Tariq Haleem, Vice President of the Federation of Pakistan Chambers of Commerce and Industry (FPCCI) has urged the caretaker Prime Minister Nasirul Mulk to withdraw the recent price hike in P.O.L products and keep it at the June 20, 2018 price level by slashing the various tax rates and levies on their imports. In this respect, he urged that the price of HSD and other P.O.L products contain 31% and 17% GST respectively.
Tariq Haleem, VP-FPCCI lamented that the prices of P.O.L products have been increased within a short span of ten days only without giving any reason. Tariq Haleem, VP-FPCCI elaborated that the HOBC price was Rs. 87.7/Ltr on June 20, 2018 which has now been increased to Rs. 114.7/Ltr; similarly the price of Premium and HS Diesel has been increase from Rs. 91.96/Ltr and Rs. 105.31/Ltr to Rs. 99.5/Ltr and Rs. 119.31/Ltr respectively.
VP of FPCCI added that the cash strapped caretaker government is resorting to an easy way to generate additional revenue. He, therefore, proposed that the government should evolve some proper mechanism and concrete economic policies to increase the revenues and stabilize the economy on sound footings instead of taking frequently, the short-term decisions on ad-hoc basis by increasing the prices blindly. He added that the government instead of using POL prices as a tool to generate revenue should curtail its unnecessary expenses and taking austerity measures.

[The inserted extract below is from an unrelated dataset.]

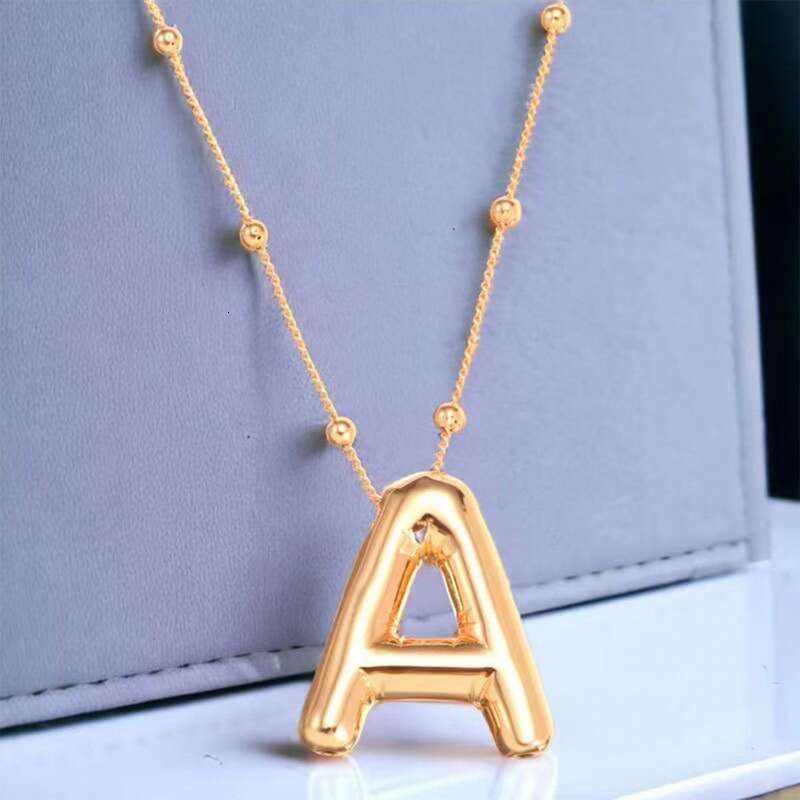 2024 INS hot selling balloon smooth letter necklace chubby pendant European and American fashion simple collarbone chain designer Necklace for women h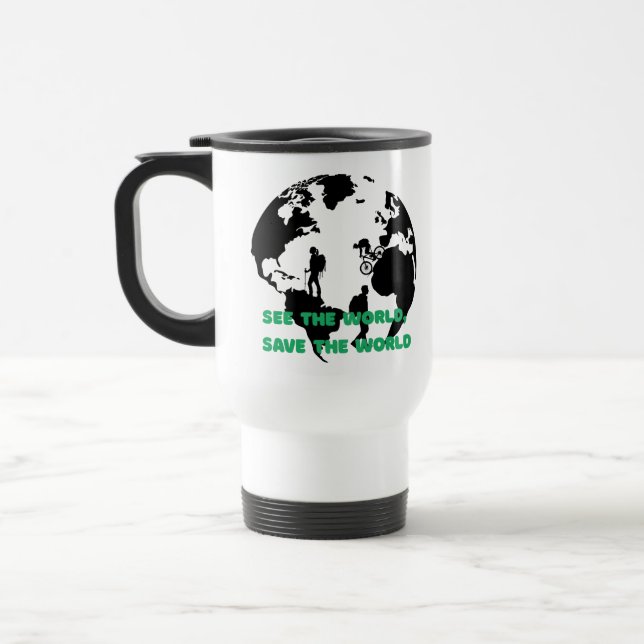 Taza De Viaje Ver el mundo Salven el ciclismo mundial (Izquierda)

The Vice President of FPCCI argued that the increase in P.O.L prices would have multiplier affect on trade and industry and economic activities as it would further spur cost-push inflation; increase cost of transportation of raw material and consumer goods; inflate cost of production etc.
Tariq Haleem, VP of FPCCI added that the high price of fuel in the country would further increase the incentive of its smuggling, as around 15%-20% petrol consumed in Pakistan is smuggled from neighboring countries thus causing not only loss to the government exchequer but also to the motorist using adulterated fuel.